Pull out the lines from the one containing "2HGFE2F58TH527988 2026 HONDA" through the final line of the listing below and repeat them exactly. Leave the pictures behind.
*** Opening Given data ***
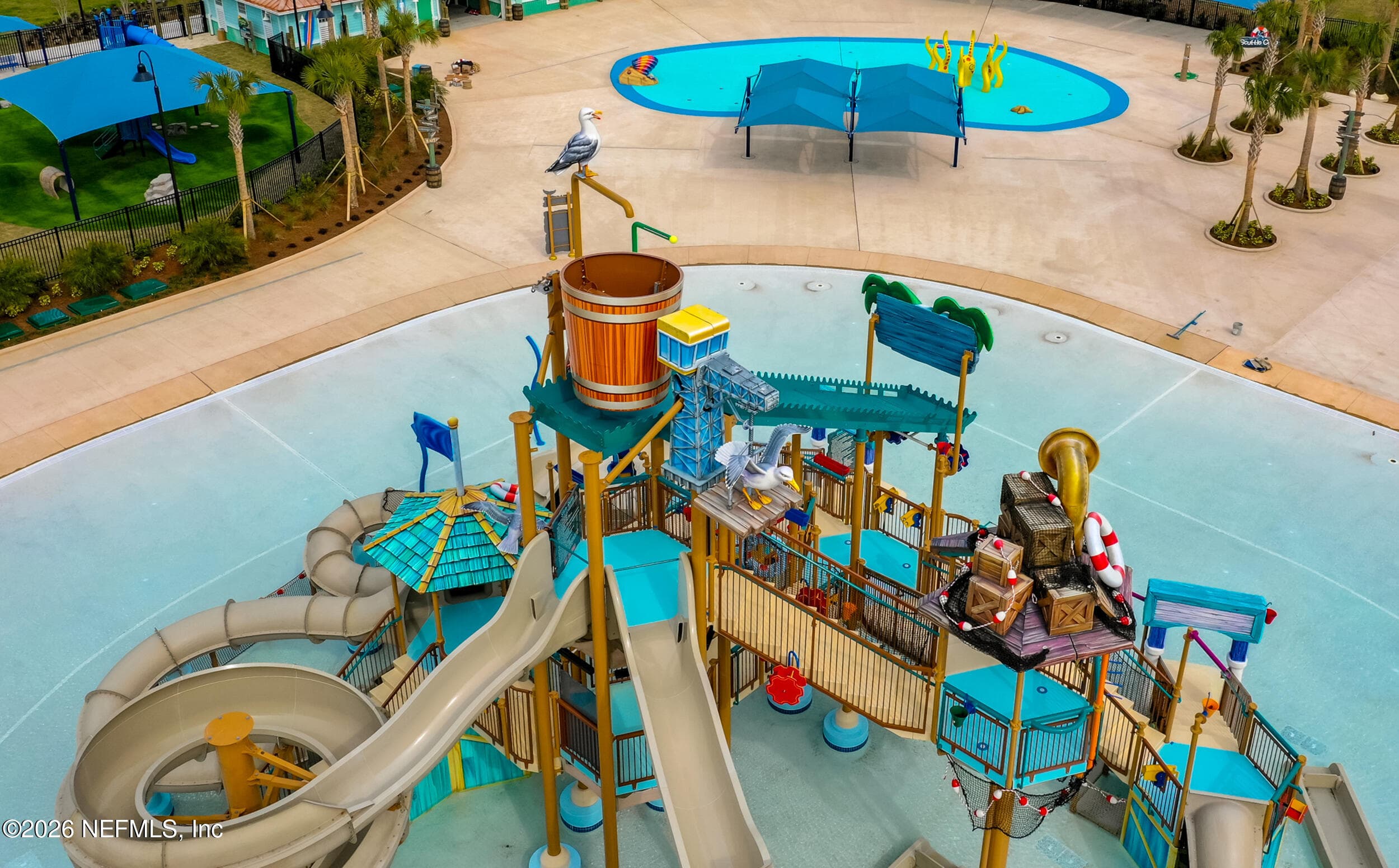 Nocatee Spray Park — 185 PARK CENTER Avenue, Ponte Vedra, FL 32081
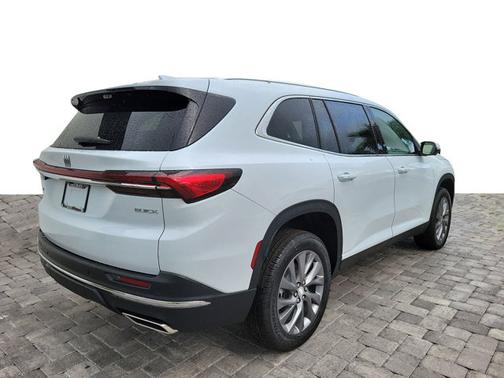 Iridescent White Tricoat 2026 Buick Enclave Preferred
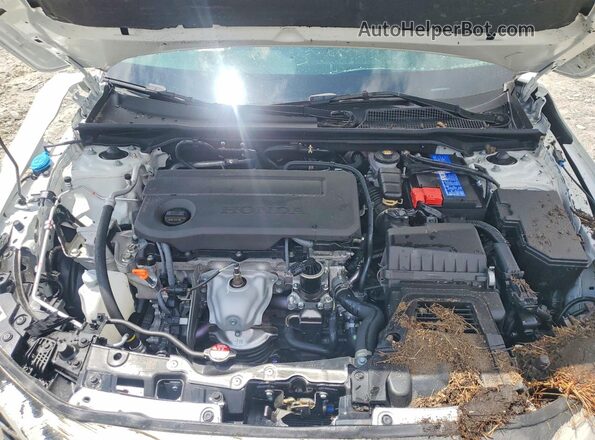 2HGFE2F58TH527988 2026 HONDA CIVIC White Widok wnętrza z tyłu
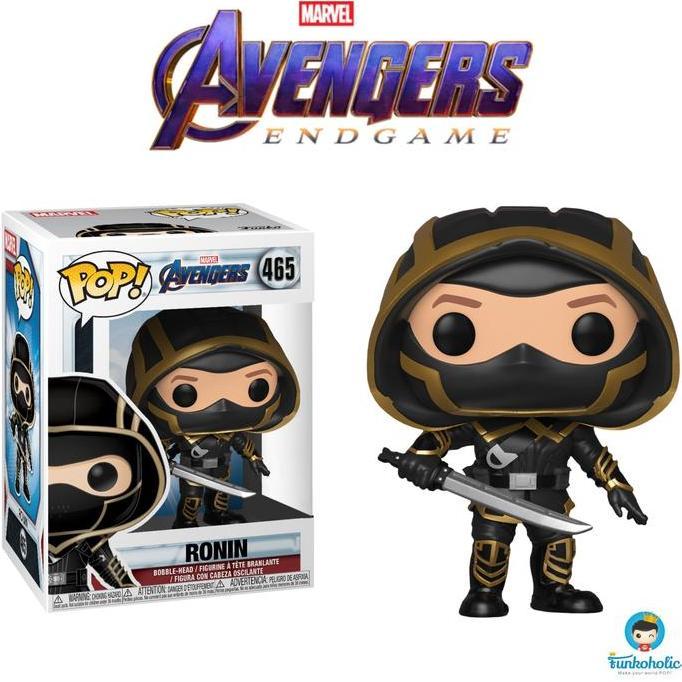 mainan - Funko POP Marvel Avengers Endgame - Ronin (Exclusive) #465 Diskon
*** Closing Given data ***
▸ Response below
 2HGFE2F58TH527988 2026 HONDA CIVIC White Widok wnętrza z tyłu
 mainan - Funko POP Marvel Avengers Endgame - Ronin (Exclusive) #465 Diskon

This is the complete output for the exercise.